I wrote this last year…
You know what’s crazy? I’ll tell you what’s crazy™
Halloween from the inside out.
It doesn’t take a lot to dress up and ring a doorbell and say “Trick Or Treat.”
Mutants and mongoloids have been doing that for over 100 years.
The trick is handling the door from the inside out.
Halloween from the inside out is an art form all by itself.
Do you decorate your house with black and orange streamers? Do you put RIP signs on the front grass. Do you have spooky music playing, a strobe light, a Frankenstein monster that gargles tequilla?
Do you sit on the porch and wait for the Trick or Treaters? Do you have the door open so they know you are as excited they’re coming as they are to come?
Do you shut the door and make them wonder what is going to happen next?

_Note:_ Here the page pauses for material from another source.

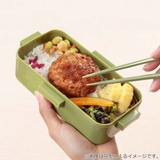 弁当箱 1段 530ml | livingut | 詳細画像8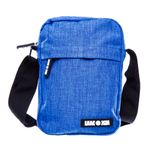 Laptop, Telefoane si Tablete - Laptopuri si accesorii - Accesorii Laptop - Genti laptop - LAMONZA GEANTA DE UMAR SUMMER ALBASTRU 21X16X5 CM - Infinity.ro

After half a century, I’ve figured all this out. I could map it out for you and show you where X marks the spot for this sacred halloween moment, but out of respect to you and the halloweed institution of halloween, Ill let you do that yourself over a time of trial and error.
Do you remember your 1st time?
They say you always remember your 1st time.

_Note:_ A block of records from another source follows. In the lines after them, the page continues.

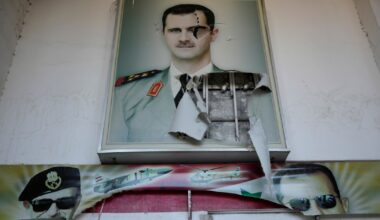 Russia tight-lipped on Syrian demand of al-Assad for military bases | Syria's War News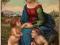 865 MARIA, JEZUS, JAN CHRZCICIEL OK 1920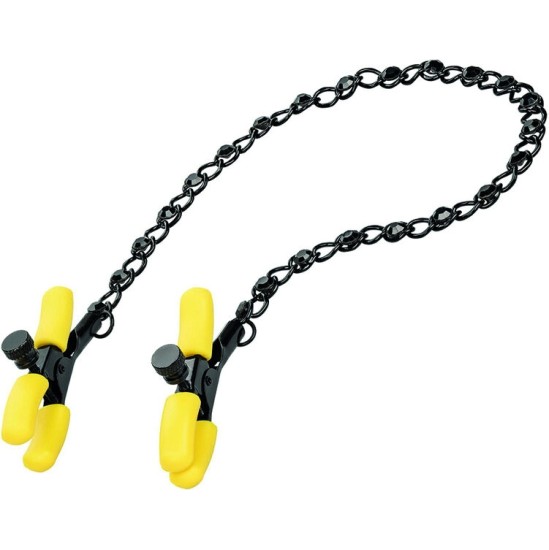 Calexotics BOUNDLESS NIPPLE TEASERS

Honestly I don’t remember the 1st time I opened the door and stared into the eyes of a 6 year old candy loving Satan face.
So it was exciting to me that my 15 year old son this year was having his first time.

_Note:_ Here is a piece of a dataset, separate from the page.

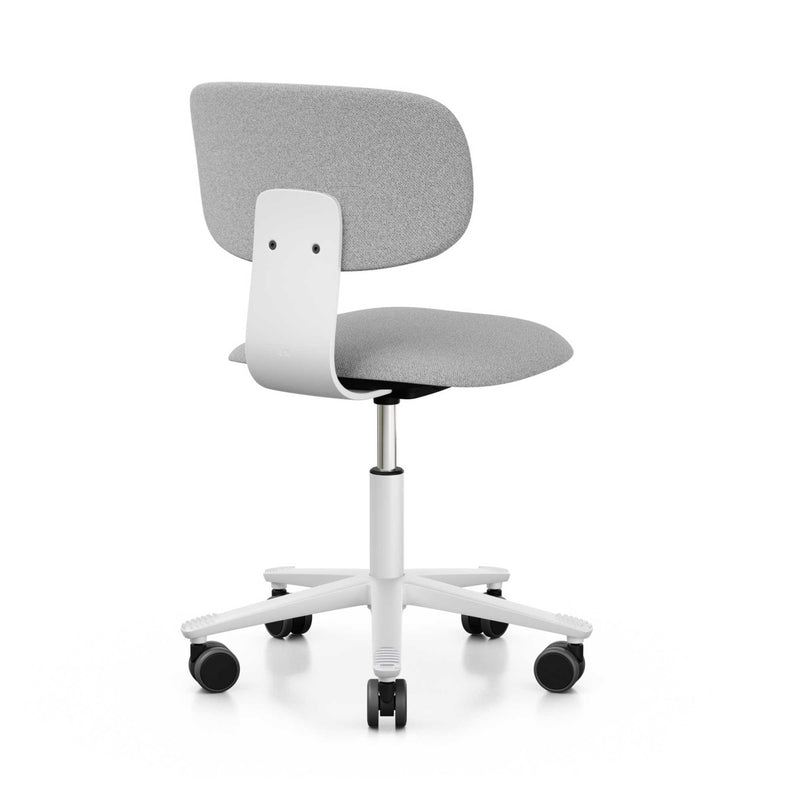 HÅG TION 2160 Ergonomic Chair, grey (150mm)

Big kids handing candy to little kids.
It’s a passing of the torch.
It’s Friday night and I have to work.
Sad but true.
So I buy 3 big bags of deluxe candy and put it in a big bowl and place it on a stool.
“I need you to work the door for me,” I say over and over.
He is non-commital.
“OK, if i’m not going out.”
“Out?”
“Dad?”
The breveloquent communication between father and teen.
Friday night rolls around and he invites a high school buddy over.
He tells me the door begins ringing as the darkness envelopes our suburban neighborhood.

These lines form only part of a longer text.